壽々の雑記帳

観劇のコメントや日々の出来事・時事問題などについて綴ります。

では、コロンブスは世界史の教科書にどのように書かれているのか?調べてみました。ーMrs. GREEN APPLEのMV炎上問題⑤

今日は、壽々(じゅじゅ)です。


Mrs. GREEN APPLEのMV炎上問題も遂
に、5回目になりましたが(本当は、も
っと多い)、メディアの方もしつこくて、
NEWSポストセブンが、昨日の記事で、
Mrs. GREEN APPLEの「過去の問題」を
取り上げています。


MVの炎上問題とは、余り、関係がなさ
そうに思うのですが……。


さて、本題に入ります。


Mrs. GREEN APPLEの「コロンブス」の
MVが炎上した批判コメントの内容は、
記事によって若干ニュアンスが異なりま
すが、大体、次の点になりそうです。
==================
①類人猿が先住民を模しているのでは
②白人を想起させる人物が類人猿に人力
 車を引かせたり文明を教えたりしてい
 るような表現は不適切では
③植民地主義と奴隷制の肯定
④世界史を勉強した人が関係者に一人も
 いなかったのかな?

⑤奴隷商人だったコロンブスを賛美する
 内容はいかがなものか
⑥類人猿は先住民をなぞらえているのか
⑦完全にアウトだろ
⑧人力車を引かせる場面が奴隷制を想起
 させる
⑨明らかな人種差別表現で植民地支配を
 容認している
⑩関わった人に、世界史を学んだ人はい
 なかったのか?

⑪世界史を勉強した人は誰もいなかった
 のか?

⑫植民地主義を肯定している
⑬人種差別をエンタメ化している
⑭コロンブスは奴隷制度を作ったり先住
 民を奴隷にしたと言われている人なの
 で、コロンブスの格好をして猿に文明
 を教えているような描写はMVでも倫理
 的にどうなの
⑮高度な文化の西洋人という印象
⑯類人猿と先住民とを重ねているのでは
⑰最初から最後までアウト
⑱誰もこれを止めなかったのがむしろ驚
 き
==================
重複している内容もありますが、各記事
から引用すると大体、こんな感じです。


今回、取り上げるのは、④⑩⑪の「世界
史を勉強した人が関係者に一人もいなか
ったのか」というコメントです。


イギリスのBBCもこのコメントを取り上
げました。


それでは、イギリスはともかく、日本の
高校の世界史の教科書では、「コロンブ
ス」はどのように書かれているのか、と
いうのが私の疑問です。


私が世界史を勉強したのは、もう50年も
前の話ですから、最近は「コロンブス」
の教科書での扱いも変わっている可能性
があります。


ということで、最近の高校の世界史の教
科書を参照してみることにしました。


参照したのは、帝国書院社の令和5年2月
20日発行の「新詳 世界史B」です。


索引で検索すると、「コロンブス」は、
147ページと152ページに載っています。


152ページの方は「コロンブスの交換」
の話ですから、今回の件とは直接の関係
はないので、147ページの方に書かれて
いる内容を引用します。


147ページには、「コロンブス」について
こう書かれています。
==================
「アメリカの発見」


西方に航海することで、アジアをめざしたスペイン
は、偶然、アメリカ大陸を「発見」し、ポルトガル
との間で、地球の分割をはかった。


 スペインのイサベル女王らもポルトガ
ルに対抗してアジアをめざし、ジェノヴ
ァ生まれの航海者コロンブス(コロン)
を支援した。
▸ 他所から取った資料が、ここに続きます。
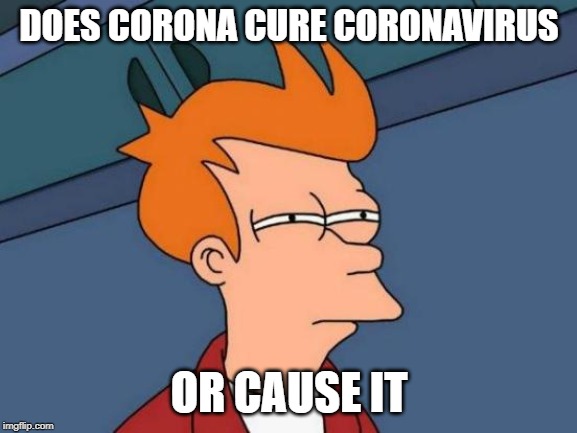 Futurama Fry | DOES CORONA CURE CORONAVIRUS; OR CAUSE IT | image tagged in memes,futurama fry | made w/ Imgflip meme maker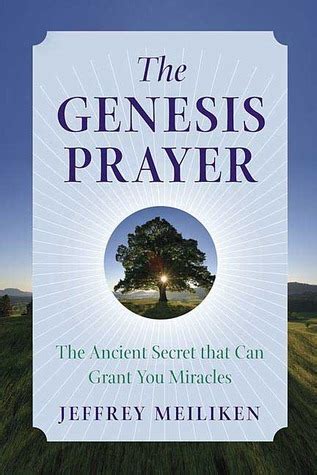 the genesis prayer the ancient secret that can grant you miracles Kindle Editon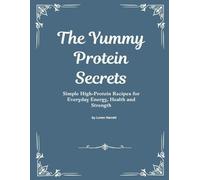 The Yummy Protein Secrets: Simple High-Protein Recipes for Everyday Energy, Health and Strength
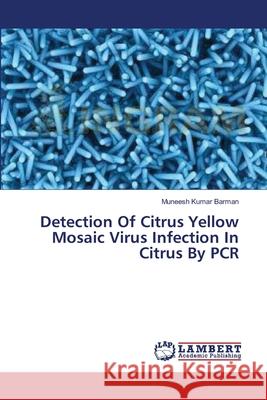 Detection Of Citrus Yellow Mosaic Virus Infection In Citrus By PCR Muneesh Kumar Barman 9783659358135 LAP Lambert Academic Publishing - książka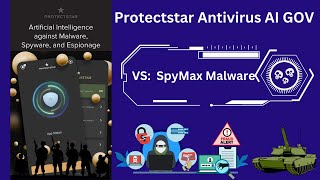 Protectstar Antivirus AI GOV vs SpyMax Malware [upl. by Nnayrrehs933]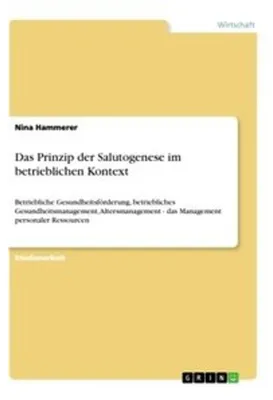 Produktbild von Das Prinzip der Salutogenese im betrieblichen Kontext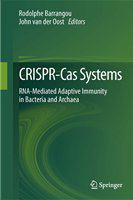 CRISPR-Cas systems RNA-mediated adaptive immunity in bacteria and archaea /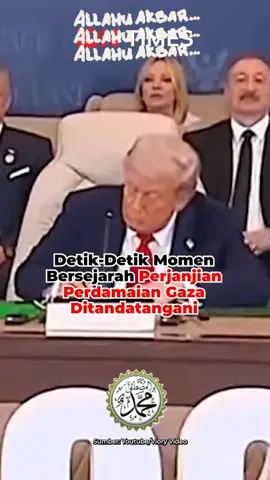 DETIK-DETIK MOMEN BERSEJARAH PERJANJIAN PERDAMAIAN GAZA DITANDATANGANI Inilah detik-detik momen bersejarah untuk perdamaian Gaza yang ditandatangani oleh empat pemimpin dunia, yakni Presiden AS Donald Trump, Presiden Mesir Abdel Fatah el-Sisi. Pemimpin Qatar Sheikh Tamim bin Hamad al-Thani dan Presiden Turki Recep Tayyip Erdogan, di Konferensi Tingkat Tinggi Perdamaian 2025 di Sharm el-Sheikh, Mesir, Senin (13/10/2025) malam waktu setempat. Perjanjian damai gaza ini juga disaksikan oleh pemimpin dunia lainnya, termasuk Presiden Prabowo Subianto, serta Sekjen Perserikatan Bangsa-Bangsa. lebih diunggulkan lolos❤️❤️🤲😇#fyppppppppppppppppppppppp #fypdong #viral #palestinamerdeka #palestine🇵🇸 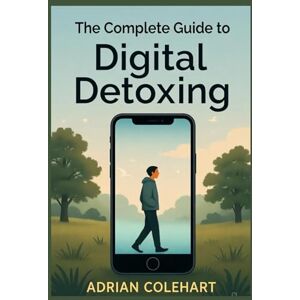 Colehart, Adrian The Complete Guide to Digital Detoxing: How to Break Free from Technology Overload, Improve Mental Clarity, and Reclaim Your Life Colehart, Adrian The Complete Guide to Digital Detoxing: How to Break Free from Technology Overload, Improve Mental Clarity, and Reclaim Your Life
コロンブスは地理学者トス
カネリの地球球体説をもとに、西からア
ジアをめざしたが、1492年にカリブ海の
サンサルバドル島に到達した。彼はアメ
リカへの航海を4回行い、のちにはアメリ
カ大陸にも上陸した。
 コロンブスは到着した場所をアジア(イ
ンディアス)の一部と考えていたが、彼に
続くアメリゴ=ヴェスプッチやバルボアの
探検によって、そこがヨーロッパ人の知ら
なかった「新大陸」であることが明らかに
なった。(以下、略)
==================
これだけです。


この世界史の教科書の記述から「コロン
ブス」が先住民に対しておこなった暴虐
を知れ、というのは、到底、無理でしょ
う。


参照したのは、帝国書院の教科書だけな
ので、もしかしたら、他の出版社の教科
書には、「コロンブス」が先住民に対し
て行った暴虐の記載があるのかもしれま
せん。


ただ、少なくとも、この帝国書院の教科
書で世界史を勉強した人は、「コロンブ
ス」が先住民に対してなにを行ったかは、
他の書物などでも読まない限り、知らな
いはずです。


つまり、「世界史を勉強した人が関係者
に一人もいなかったのか」というコメント
は、的外れであることになります。


一方で、この教科書の150ページには、
こんな記述があります。
==================
「スペインによるアメリカの開発」
==================
スペイン人はアメリカで鉱山開発やさと
うきび栽培を進めたが、それは先住民や
黒人奴隷の過酷な労働によって行われた。


 コルテスやピサロをはじめとした、成
功を夢見たスペイン人の「征服者」は、
次々と「新大陸」に渡った。彼らの征服
によって、現地の文明はおおかた破壊さ
れた。
 おもにポルトガル人が進出したアジア
では、現地内部の貿易がさかんで、大規
模な貿易ネットワークが形成されていた
のに対して、主としてスペイン人が進出
したアメリカには、文明をこえた交易ネ
ットワークがなく、香辛料のようにすぐ
世界に通用する商品もなかった。このた
めスペイン人は、エンコミエンダやプラ
ンテーションで先住民を強制的に働かせ、
銀山の開発やさとうきびの栽培を始め、
利益の高い生産をした。先住民は、新た
に持ち込まれた病気や過酷な労働のため、
人口が激減した、ラス=カサスらの反対
もあり、先住民にかわる労働力として、
アフリカの黒人が奴隷として導入された。
==================
ここに「コロンブス」の名前があれば、
批判も正しいと言えるのでしょうが、残
念ながら(?)ここに名前が載っている
のは、コルテスとピサロだけです。


こうして、実際に検証してみると、SNS
のコメントがいかに的外れのものである
かが、よく分かります。


一般の日本人にとって、「コロンブス」
が先住民に対して行った暴虐は、常識で
もなんでもないからです。


そのようなコメントをそのまま記事とし
て取り上げるメディアやジャーナリスト
らの見識も疑われると思います。